A Tale of Two Cultures
Article | Accountability Insights
Last week the Securities and Exchange Commission charged former Countrywide Financial CEO Angelo Mozilo, COO David Sambol, and CFO Eric Sieracki with securities fraud for misleading investors about the company’s credit risks. Driven by an unrestrained ambition to build the company’s market share, Countrywide began writing riskier and riskier loans during the period of 2005 to 2007. Sadly, according the SEC, Countrywide became a tale of two companies—one company that appeared to be an underwriter of prime quality mortgages and another company, hidden from shareholders, that was taking reckless risks in order to grow and expand.
We refer to Countrywide’s duality as a tale of two cultures—one accountable to its shareholders and one entirely unaccountable to anyone. “Flying blind,” “toxic,” and “poison,” are just a few of the tags used to describe Countrywide’s hidden, unaccountable culture and its lending activities. Not surprisingly, when a company allows both accountable and unaccountable cultures to develop inside its organization, disaster is always sure to follow, as it has for Mozilo, Sambol, and Sieracki. And while shareholders and the public in general can take some solace in the SEC’s charges against these three Countrywide executives, such charges don’t even begin to address the underlying problem or reduce the pain of our current economic crisis. Thousands of Countrywide employees were working under the cultural umbrella of zero accountability. Why didn’t they stand up and take personal accountability for what Countrywide was doing? Why didn’t they blow the whistle months or years ago? Why didn’t they have the moral compass or innate conscience to say, “This isn’t right?” Some did, but it wasn’t enough to change Countrywide’s course until it was too late.

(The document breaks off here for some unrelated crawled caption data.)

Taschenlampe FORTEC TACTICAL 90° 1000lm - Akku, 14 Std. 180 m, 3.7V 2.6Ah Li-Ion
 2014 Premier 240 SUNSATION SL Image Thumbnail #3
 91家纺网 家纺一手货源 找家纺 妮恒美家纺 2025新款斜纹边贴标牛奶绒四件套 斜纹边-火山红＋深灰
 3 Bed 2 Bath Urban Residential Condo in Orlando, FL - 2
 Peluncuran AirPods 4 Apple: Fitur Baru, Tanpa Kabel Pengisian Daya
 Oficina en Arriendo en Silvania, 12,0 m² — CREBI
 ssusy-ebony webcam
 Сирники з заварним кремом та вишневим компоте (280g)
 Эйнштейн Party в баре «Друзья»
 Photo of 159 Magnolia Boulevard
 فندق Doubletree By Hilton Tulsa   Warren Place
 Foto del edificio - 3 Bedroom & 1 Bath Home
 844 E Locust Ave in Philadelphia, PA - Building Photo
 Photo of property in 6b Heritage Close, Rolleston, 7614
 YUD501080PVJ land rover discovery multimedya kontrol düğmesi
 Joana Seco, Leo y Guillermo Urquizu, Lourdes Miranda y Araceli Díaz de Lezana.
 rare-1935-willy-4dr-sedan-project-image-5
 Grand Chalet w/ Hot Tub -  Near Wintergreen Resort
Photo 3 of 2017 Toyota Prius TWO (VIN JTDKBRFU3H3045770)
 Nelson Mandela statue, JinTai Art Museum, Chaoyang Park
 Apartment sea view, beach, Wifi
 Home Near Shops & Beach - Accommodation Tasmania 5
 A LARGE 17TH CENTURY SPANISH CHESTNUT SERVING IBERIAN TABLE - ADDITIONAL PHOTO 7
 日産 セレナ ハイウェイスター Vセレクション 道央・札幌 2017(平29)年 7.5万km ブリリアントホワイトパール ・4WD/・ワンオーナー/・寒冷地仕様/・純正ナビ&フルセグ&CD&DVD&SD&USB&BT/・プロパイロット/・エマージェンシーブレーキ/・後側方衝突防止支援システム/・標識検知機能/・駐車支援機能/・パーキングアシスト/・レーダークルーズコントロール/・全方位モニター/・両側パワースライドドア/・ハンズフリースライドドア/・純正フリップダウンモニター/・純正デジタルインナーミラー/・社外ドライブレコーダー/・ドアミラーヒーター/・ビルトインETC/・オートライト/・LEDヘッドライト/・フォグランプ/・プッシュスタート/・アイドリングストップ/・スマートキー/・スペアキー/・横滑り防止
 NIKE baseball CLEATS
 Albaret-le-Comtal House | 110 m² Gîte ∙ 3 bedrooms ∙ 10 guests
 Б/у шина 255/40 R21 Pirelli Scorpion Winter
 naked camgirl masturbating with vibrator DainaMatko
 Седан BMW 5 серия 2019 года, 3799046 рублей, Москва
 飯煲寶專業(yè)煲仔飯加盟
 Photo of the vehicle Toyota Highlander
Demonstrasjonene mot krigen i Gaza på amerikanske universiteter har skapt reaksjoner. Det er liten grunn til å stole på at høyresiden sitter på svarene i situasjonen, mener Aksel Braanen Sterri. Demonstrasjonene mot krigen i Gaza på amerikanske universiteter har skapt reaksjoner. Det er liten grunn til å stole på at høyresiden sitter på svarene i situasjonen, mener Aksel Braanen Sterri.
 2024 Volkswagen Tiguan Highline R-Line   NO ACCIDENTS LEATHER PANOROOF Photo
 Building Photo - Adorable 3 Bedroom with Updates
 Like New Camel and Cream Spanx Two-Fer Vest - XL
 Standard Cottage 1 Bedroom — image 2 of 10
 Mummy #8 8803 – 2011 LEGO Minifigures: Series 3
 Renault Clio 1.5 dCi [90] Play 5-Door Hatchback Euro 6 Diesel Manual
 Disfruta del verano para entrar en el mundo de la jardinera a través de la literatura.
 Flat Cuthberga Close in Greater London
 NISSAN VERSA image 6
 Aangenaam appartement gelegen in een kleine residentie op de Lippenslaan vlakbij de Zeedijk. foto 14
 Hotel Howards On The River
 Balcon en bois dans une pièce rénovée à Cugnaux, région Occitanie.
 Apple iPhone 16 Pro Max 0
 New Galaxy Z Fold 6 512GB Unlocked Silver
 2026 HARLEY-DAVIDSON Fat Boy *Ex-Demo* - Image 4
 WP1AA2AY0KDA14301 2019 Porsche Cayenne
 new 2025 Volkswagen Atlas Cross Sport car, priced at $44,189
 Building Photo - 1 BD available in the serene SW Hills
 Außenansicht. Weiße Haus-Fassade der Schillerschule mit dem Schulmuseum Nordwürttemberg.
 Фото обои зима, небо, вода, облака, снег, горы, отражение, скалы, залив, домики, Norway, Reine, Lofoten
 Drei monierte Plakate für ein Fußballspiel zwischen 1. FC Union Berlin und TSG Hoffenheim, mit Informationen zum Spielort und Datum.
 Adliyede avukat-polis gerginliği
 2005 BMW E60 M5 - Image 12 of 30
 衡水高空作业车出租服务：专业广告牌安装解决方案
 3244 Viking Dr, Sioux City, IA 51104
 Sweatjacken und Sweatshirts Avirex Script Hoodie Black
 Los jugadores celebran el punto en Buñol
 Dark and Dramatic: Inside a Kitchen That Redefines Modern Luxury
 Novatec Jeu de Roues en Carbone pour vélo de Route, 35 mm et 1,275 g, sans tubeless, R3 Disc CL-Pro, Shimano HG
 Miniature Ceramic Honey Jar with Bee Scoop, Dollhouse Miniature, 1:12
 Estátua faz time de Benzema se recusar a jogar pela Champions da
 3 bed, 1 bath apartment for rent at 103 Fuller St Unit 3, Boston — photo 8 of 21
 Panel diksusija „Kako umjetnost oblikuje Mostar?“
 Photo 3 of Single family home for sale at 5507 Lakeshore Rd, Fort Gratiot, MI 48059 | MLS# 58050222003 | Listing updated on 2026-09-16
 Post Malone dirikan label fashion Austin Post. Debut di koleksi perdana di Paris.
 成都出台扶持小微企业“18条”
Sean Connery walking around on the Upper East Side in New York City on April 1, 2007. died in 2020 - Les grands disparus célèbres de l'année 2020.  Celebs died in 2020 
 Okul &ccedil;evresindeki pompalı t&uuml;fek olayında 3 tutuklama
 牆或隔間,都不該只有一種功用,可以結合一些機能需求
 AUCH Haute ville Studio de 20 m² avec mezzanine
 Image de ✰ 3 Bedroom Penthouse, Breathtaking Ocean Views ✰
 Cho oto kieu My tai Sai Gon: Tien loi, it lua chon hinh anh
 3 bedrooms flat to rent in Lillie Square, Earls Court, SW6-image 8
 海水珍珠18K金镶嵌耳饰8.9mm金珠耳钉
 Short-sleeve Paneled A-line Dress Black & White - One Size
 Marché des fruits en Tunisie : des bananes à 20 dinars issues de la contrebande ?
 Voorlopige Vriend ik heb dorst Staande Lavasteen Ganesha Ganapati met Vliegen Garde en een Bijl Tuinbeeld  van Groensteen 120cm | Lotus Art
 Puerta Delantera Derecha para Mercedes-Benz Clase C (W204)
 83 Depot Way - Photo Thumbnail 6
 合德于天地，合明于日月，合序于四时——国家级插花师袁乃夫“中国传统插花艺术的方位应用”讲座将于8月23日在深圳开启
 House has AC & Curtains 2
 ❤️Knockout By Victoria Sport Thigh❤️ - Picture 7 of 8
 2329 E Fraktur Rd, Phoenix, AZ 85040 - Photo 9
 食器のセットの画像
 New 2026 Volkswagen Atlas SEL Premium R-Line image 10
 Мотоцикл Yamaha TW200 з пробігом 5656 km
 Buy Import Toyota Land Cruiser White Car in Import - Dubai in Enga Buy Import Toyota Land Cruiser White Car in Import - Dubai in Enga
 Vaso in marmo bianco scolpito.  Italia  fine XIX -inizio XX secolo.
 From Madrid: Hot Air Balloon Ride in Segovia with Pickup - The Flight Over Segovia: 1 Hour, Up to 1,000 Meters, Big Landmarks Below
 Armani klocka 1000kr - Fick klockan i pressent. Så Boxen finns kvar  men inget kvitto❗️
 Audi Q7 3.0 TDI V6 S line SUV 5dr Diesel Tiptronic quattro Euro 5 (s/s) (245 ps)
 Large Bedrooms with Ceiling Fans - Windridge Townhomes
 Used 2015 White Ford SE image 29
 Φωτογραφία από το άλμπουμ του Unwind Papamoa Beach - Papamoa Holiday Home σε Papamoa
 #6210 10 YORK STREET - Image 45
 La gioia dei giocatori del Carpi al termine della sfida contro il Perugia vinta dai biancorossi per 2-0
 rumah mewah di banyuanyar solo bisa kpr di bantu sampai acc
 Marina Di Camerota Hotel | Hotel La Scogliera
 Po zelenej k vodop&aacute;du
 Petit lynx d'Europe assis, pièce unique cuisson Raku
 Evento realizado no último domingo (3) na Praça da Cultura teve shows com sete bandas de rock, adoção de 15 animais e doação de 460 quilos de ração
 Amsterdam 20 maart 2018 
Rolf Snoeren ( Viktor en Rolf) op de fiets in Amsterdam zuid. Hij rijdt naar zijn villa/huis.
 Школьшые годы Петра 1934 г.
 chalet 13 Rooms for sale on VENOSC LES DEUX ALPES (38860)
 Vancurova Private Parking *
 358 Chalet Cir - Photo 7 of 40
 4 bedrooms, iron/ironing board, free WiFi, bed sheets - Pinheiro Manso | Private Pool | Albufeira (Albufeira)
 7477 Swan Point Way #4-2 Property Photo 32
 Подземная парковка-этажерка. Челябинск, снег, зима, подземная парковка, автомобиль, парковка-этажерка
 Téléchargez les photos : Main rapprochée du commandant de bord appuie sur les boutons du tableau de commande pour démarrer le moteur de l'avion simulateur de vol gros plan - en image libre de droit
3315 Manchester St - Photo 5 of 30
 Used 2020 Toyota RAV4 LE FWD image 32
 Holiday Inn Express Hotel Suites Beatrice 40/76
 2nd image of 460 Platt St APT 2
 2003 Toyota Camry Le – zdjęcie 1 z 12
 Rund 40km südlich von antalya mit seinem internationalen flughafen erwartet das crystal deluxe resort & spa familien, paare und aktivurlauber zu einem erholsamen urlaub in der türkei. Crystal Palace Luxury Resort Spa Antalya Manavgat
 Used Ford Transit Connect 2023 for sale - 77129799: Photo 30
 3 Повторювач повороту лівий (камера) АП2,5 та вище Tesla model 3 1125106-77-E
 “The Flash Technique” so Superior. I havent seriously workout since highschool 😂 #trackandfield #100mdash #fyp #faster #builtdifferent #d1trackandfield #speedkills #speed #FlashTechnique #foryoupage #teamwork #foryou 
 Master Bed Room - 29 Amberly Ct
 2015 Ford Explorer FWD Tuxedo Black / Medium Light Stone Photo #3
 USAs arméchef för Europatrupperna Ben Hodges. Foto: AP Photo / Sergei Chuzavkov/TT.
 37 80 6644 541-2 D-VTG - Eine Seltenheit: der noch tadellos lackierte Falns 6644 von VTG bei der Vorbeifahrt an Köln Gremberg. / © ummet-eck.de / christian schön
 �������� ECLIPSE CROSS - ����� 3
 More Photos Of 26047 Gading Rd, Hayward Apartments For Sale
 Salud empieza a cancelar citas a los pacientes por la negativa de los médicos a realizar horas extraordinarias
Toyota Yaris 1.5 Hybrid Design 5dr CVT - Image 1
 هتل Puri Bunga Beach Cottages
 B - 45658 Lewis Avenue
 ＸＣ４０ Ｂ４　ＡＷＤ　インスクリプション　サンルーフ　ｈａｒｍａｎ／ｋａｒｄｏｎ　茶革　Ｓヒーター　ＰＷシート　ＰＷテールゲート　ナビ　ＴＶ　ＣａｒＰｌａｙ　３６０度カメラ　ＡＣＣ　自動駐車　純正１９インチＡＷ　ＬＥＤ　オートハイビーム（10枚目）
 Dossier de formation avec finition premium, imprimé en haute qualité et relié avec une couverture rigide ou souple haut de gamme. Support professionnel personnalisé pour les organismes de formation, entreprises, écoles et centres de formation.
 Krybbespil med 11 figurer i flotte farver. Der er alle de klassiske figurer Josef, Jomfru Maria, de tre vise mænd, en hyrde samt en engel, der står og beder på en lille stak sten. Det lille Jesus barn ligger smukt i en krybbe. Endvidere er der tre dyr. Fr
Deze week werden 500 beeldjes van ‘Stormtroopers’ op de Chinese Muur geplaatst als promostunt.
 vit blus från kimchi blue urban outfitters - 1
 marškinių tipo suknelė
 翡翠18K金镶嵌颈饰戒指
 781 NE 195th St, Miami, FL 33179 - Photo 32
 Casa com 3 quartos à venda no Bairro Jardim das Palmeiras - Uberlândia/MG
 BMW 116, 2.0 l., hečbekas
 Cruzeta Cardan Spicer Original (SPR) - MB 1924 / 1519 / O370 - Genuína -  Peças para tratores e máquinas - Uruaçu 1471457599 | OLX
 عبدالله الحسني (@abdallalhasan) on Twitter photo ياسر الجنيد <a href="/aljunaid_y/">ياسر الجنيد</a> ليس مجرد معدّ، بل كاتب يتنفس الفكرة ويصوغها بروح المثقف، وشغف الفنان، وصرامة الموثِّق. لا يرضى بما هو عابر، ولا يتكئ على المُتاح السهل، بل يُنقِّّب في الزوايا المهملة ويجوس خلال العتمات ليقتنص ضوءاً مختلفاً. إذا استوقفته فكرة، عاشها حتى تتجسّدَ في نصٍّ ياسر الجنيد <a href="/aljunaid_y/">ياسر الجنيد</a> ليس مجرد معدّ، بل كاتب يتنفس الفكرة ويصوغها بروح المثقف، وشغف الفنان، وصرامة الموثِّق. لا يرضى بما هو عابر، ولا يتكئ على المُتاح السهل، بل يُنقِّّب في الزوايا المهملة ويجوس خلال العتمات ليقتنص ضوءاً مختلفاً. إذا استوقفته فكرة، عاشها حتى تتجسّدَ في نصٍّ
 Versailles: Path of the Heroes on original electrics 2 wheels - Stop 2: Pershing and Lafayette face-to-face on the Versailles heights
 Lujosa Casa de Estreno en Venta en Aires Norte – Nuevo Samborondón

As in every organizational culture that lacks accountability, when unaccountable norms and habits get set people become lulled into believing that what they’re doing is okay, legit, and “above the line” that separates accountable behavior from “below the line” unaccountable behavior. And that’s why unaccountable cultures can be so damaging to people, institutions, and the economy. If our current economic woes are going to teach us anything, it must be that individual accountability should never be eclipsed or removed or weakened by the lack of accountability in the larger organization or society. In this case, both unaccountable lenders and home mortgage owners failed to take responsibility for their own actions, preferring instead to enjoy the illusionary protection of a false umbrella that eventually disintegrated, leaving them, along with the rest of us, exposed and damaged.